Went to have high tea with Xiang, Roy and Wenling this afternoon. So "tai-tai", except for the presence of a male counterpart, Roy. Haha.
Roy said my blog is so "TRANSPARENT" and he seemed rather amused or shld I say amazed by it. But I felt aroused by that comment that I bothered to think of it while on the way home.
I don't think I always sounded negative leh. And I definitely don't "scold" pp on my blog right. I also dunno what he was trying to say. I thk maybe it's cos I openly share my thoughts bah. And I hope I certainly have not stumbled anyone here.
You aren't right?
Hmmm... I am not weird right? Haiz. But blog is blog about yourself right? Aiyo...
Anyway, the main reason why I blog is bcos, I'm a rather short-term memory person. I forget things all the time. And it seems that there is this "disk-defragmenter" or disk-cleaner" that will run in my mind automatically everyday to clear space for other input. Ha! So I better blog it down before I forget. And I am serious, not joking. I reali forget stuff too easily.
As I am in the midst of reading this book, P.S. I Love You, I felt all the more the need to blog down my memories. Felt alot as I read and it seems I'm beginning to love to read... My mind was just so engaged into the story and development that sometimes I would smile to myself or even frown as I read. Sometimes, it's like I wondered off to Ireland into the story. Maybe, I'm Sharon, Holly's good friend. Or I am Holly, whom the story revolves around, abt her coping with the loss of her husband.

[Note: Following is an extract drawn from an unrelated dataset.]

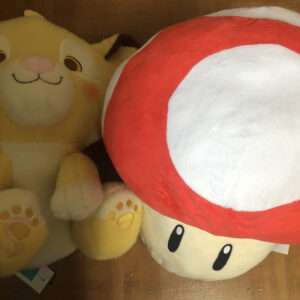 74848 Compra de Whatsapp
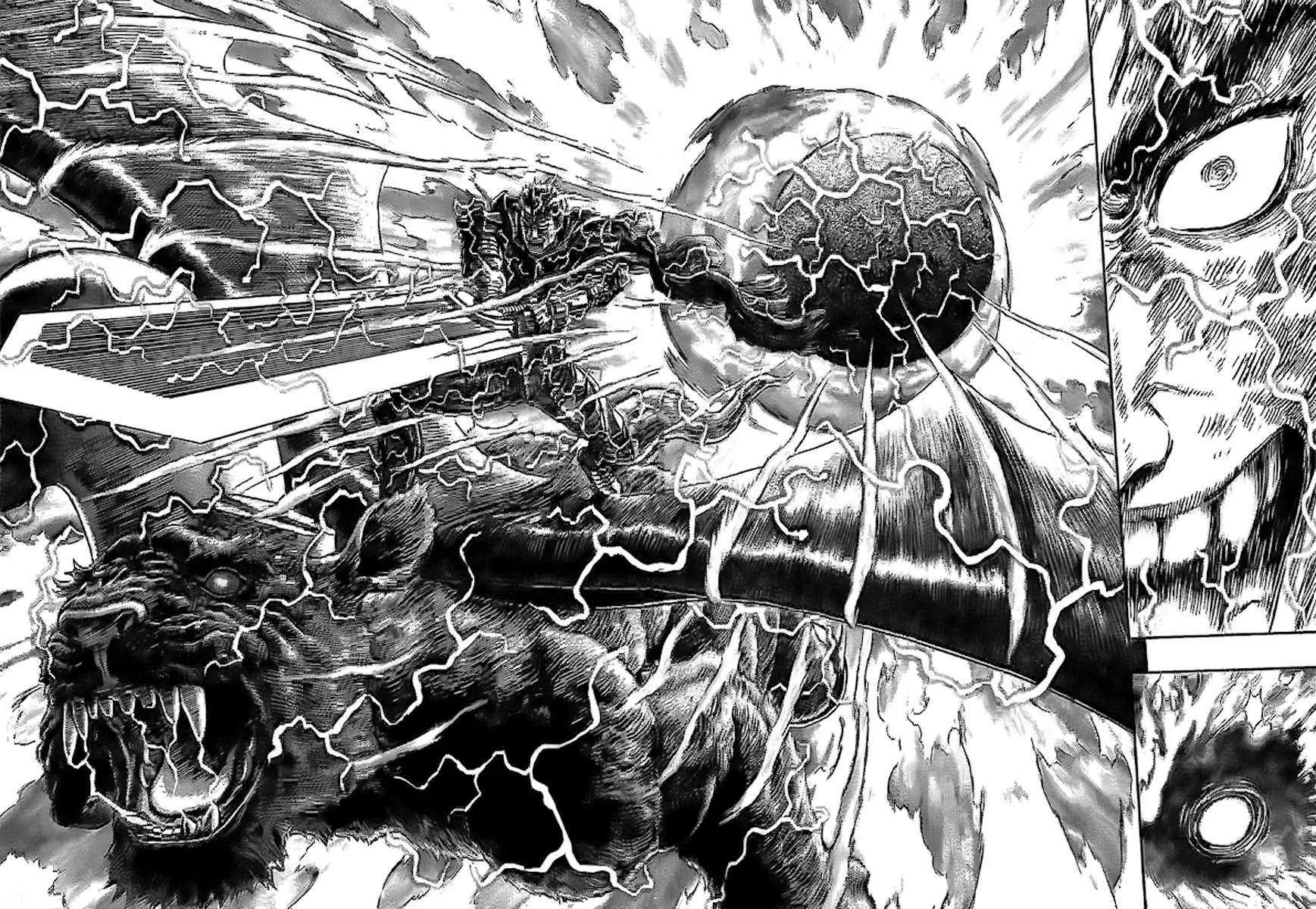 Berserk - 32 - 65524272eed8c.webp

Oops sorry. I just like the story too much, that I am wondering off to talk abt it. But it just makes me feel like I needed to remember the memories. Many times, I would imagine if I woke up to a Singapore that has no vehicle, no other pp ard except myself, what would it be like? Maybe I will feel excited about being able to walk AMK Ave 1 without worrying the on-coming vehicles. I can take my time to walk the streets in Orchard and nobody to bother me for deadlines that I have not met. No phone calls. Nobody. But that would be so scary. And what would I remember abt my dear husband, my family and my friends? I would miss the display of their absurd personality and deafening laughters.
Sometimes, I will imagine if Vic is not around anymore, what would I remember about our times together. I am seriously hopeless in remembering stuff. I don't remember any details of any show we watched together before. I don't remember where we had been to before when we were dating. I don't remember which restaurant we went to before he proposed to me. I hardly remember much. That would send a chill down my spine. So scary. It's definitely not bcos I love him little. Well, blame it on that "disk-defragmenter" and the "disk-cleaner" that were installed in me somewhere along the line. HAHA.
Well, that is why I love to blog abt Vic (especially Vic), my family and my friends. I love them and I want to remember the good times we spent together, the grieving moments we had and the sacrifices we've all made for God and this House.
I wish I have photographic memory to remember everything all the time.
Am I transparent? I hope I can be more transparent actually. :)
14 comments:
Transparent?ok lah.....sometimes I do feel that you are very courageous to share very personal details on blog...but there is nothing negative on it la.......have a great day ahead of you..
I actually enjoy your "transparency"! Encouraging in many ways.
Wow, doesnt these 3 ladies look awesome? :)
Yah i agree with veron! :)
HAHA. ok ok... thanks. :)
What more to say?
I love to read Von's blog entries!! (Von, I read them even before I do my admin... HAHAHA.. Now off to do CMS... )
Oli.... u are funny..... And am I supposed to be upset that you are LATE for your CMS. Hehe...
something that we should learn from you! Transparency! initially was very shock too cos you shared real personal stuff, but i do felt encouraged reading it and getting to know you better thru it too. so it was good. i sometimes blog because i want to remember a particular incident too.. cos I also have "STM" syndrome ("short-term memory"). haha. keep on blogging!
Wa. you all very kua zhang leh... ok ok. Thank you guys for reading my blog and feeling encouraged. :)
being transparent is good.. :)
Transparent in a good way! :)
I like yr blog! So real to understand and identify with you! Keep up your good work! =)
you guys are just so positive and encouraging all the time. ;)
I think the high tea could have more items on their menu!! To all the ladies out there, give up Goodwood park and go to Marriot! Ok on a deeper note, I love the fellowship and I like to read your blog. HA.
Siang, I agree there should be more items on their menu. Went Marriott today for high tea. It's much better. But I had not much appetite so didn't eat much.